Esa Jauhola, PhD, Principal Lecturer, Master’s Degree Programmes Unit, Lapland University of Applid Sciences
The Finnish polytechnic education started in Kemi-Tornio and Rovaniemi in 1992. My first business trip to Murmansk was in December 1992 when I travelled there with two colleagues, and Timo Rautajoki, the CEO of Lapland Chamber of Commerce, and bank manager Tuomo Silvenius. On the 6 December, Finland’s 75th Independence Day, we negotiated selling training courses for Russian banks. The outcome was seven two-week courses in Kemi for almost 100 bank managers and staff members.
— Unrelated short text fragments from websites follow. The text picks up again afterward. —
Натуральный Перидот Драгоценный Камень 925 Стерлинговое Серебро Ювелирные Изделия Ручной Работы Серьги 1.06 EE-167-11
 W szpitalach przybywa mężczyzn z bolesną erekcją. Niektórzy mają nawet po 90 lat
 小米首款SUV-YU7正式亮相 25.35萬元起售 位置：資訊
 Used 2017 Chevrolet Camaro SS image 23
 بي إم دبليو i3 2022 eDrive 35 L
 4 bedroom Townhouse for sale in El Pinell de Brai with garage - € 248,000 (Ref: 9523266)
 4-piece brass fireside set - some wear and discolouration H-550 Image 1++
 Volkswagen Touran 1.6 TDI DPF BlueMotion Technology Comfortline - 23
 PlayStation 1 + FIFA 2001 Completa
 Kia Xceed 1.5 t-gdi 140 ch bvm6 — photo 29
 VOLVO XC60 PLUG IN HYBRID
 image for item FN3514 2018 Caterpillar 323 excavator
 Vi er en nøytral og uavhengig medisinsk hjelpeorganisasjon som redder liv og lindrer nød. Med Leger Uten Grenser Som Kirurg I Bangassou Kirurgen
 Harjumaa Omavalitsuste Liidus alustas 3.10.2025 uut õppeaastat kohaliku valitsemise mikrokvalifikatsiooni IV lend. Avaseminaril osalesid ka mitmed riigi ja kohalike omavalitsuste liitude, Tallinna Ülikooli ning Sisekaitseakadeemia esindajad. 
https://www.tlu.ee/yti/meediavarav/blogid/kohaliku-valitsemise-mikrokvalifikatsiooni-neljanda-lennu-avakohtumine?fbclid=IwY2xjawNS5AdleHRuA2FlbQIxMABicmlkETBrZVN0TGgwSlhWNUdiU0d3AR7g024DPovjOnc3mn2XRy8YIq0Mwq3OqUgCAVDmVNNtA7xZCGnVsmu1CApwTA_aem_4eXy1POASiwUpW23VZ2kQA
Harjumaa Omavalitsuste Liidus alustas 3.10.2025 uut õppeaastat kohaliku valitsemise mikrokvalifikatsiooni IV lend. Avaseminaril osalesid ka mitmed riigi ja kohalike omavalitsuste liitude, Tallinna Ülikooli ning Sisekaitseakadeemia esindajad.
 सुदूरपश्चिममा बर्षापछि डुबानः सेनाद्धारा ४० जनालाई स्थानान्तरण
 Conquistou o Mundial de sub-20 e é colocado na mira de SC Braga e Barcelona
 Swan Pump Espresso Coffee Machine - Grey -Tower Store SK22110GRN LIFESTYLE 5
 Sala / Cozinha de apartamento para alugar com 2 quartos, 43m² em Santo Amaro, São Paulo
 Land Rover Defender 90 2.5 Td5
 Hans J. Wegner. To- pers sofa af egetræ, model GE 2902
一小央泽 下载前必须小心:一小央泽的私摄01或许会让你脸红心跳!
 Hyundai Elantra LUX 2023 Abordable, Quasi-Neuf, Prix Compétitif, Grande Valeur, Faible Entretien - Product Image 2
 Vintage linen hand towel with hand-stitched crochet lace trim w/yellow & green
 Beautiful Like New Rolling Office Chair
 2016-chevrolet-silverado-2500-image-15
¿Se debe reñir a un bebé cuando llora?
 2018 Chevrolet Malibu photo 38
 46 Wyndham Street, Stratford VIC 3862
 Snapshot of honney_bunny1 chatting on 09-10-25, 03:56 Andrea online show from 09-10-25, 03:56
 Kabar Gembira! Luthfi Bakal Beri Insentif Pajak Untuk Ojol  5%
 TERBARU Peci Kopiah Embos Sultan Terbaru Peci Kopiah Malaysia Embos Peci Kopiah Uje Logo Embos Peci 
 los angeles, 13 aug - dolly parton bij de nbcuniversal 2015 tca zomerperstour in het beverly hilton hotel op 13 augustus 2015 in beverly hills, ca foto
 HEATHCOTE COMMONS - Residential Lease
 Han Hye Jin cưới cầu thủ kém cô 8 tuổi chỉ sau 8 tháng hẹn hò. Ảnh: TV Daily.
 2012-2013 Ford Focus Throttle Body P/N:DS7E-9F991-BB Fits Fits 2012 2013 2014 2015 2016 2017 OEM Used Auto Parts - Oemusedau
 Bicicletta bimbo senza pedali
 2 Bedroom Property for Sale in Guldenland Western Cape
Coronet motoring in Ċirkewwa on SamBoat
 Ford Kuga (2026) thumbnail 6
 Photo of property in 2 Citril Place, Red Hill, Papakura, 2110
In 2017, when Finland will celebrate the 100-year anniversary, I will be in Arkhangelsk with Finnish, Norwegian and Russian colleagues and Travel and Management students. During those twenty five years, I have learned much about the Arctic, the people, the cultures, the nature and the business life.
Passion and patience are needed in international business. Long-term planning, creative thinking, networking and uncertainty avoidance are also important qualifications if you want to reach your objectives one day. Personally, I am not actively involved in business life but as a teacher and researcher, I have been following the development of cross-border co-operation in 25 years together with business partners, students and university colleagues from Norway, Sweden, Finland and Russia. In my courses and transnational projects, I have told students about the opportunities of the Arctic and tried to get them interested in internationalization in the High North. Also, when lecturing at partner universities in Central and Southern European universities I have told the students about the opportunities but also challenges.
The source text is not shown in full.